BRIEF> Your answer is a copy of every line in the records where "Champagne" appears.

INFORMATION PROVIDED>
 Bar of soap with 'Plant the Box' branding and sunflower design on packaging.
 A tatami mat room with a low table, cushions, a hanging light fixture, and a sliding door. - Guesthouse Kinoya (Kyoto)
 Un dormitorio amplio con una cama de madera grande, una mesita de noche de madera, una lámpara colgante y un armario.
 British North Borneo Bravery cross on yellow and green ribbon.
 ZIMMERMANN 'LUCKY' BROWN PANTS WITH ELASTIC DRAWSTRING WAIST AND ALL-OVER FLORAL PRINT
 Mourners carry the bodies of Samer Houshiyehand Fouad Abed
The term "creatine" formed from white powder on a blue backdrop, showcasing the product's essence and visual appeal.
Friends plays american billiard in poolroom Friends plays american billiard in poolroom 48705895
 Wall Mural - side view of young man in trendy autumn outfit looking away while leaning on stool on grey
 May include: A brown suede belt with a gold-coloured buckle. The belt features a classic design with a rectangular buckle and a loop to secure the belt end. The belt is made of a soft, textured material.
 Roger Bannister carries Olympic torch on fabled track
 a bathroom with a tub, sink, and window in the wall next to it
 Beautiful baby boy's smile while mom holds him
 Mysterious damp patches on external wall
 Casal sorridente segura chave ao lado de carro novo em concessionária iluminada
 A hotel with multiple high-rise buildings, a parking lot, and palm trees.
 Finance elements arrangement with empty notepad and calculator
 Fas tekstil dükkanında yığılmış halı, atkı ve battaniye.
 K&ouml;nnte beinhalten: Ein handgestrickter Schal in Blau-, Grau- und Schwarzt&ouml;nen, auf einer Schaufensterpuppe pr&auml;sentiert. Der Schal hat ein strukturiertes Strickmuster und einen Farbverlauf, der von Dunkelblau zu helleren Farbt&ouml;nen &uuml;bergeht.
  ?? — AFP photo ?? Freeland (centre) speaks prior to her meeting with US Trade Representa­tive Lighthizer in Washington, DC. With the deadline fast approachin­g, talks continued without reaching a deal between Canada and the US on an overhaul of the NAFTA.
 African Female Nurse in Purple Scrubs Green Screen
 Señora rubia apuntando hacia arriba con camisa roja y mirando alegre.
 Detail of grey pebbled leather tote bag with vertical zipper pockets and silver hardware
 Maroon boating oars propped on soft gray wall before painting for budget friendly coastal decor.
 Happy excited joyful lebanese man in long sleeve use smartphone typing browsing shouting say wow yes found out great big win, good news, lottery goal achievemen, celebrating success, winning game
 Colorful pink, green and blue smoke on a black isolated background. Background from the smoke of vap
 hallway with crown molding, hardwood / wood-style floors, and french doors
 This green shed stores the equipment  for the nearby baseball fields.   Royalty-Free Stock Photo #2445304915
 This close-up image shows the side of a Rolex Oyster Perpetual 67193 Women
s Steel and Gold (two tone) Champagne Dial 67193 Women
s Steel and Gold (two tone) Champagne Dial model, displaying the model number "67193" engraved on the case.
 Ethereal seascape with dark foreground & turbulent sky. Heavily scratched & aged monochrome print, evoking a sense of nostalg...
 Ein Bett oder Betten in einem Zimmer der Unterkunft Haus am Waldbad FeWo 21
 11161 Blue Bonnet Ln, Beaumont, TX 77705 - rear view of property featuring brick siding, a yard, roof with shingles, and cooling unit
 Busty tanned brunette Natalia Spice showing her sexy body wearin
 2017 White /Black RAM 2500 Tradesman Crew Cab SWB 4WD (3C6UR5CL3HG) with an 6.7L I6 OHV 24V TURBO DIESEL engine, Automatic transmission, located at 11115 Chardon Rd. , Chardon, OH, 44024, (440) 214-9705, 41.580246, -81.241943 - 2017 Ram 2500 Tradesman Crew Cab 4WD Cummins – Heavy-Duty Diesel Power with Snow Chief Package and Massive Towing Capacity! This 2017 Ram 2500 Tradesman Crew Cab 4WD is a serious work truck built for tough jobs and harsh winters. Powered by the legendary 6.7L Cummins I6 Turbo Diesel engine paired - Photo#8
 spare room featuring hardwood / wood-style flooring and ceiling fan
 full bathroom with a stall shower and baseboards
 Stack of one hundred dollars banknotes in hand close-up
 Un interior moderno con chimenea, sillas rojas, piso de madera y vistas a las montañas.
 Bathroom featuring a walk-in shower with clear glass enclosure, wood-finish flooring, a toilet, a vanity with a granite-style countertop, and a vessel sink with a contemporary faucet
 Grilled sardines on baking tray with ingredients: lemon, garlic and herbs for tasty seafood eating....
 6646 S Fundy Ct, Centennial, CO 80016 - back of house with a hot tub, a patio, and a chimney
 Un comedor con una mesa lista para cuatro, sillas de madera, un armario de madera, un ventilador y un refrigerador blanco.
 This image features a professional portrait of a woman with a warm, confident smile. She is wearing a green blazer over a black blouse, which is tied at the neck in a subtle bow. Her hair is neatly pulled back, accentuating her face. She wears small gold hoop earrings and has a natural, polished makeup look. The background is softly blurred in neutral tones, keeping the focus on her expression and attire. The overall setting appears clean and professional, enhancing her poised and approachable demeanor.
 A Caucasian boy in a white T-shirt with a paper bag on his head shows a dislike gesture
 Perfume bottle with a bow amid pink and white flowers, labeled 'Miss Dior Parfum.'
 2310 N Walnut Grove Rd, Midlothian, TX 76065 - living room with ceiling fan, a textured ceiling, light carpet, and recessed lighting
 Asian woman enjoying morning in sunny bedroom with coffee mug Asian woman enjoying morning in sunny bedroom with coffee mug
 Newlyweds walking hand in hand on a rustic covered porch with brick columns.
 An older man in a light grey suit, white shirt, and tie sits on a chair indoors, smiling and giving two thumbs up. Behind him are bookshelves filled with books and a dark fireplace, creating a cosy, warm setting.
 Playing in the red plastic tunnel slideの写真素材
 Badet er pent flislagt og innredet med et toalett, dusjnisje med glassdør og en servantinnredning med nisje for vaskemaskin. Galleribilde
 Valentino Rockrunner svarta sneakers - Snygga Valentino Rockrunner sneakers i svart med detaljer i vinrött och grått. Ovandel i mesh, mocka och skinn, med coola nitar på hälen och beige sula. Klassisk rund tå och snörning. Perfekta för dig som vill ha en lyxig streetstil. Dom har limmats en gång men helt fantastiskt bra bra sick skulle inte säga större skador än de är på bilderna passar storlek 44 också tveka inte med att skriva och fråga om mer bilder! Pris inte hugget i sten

ANSWER TO THIS TASK>
s Steel and Gold (two tone) Champagne Dial 67193 Women
s Steel and Gold (two tone) Champagne Dial model, displaying the model number "67193" engraved on the case.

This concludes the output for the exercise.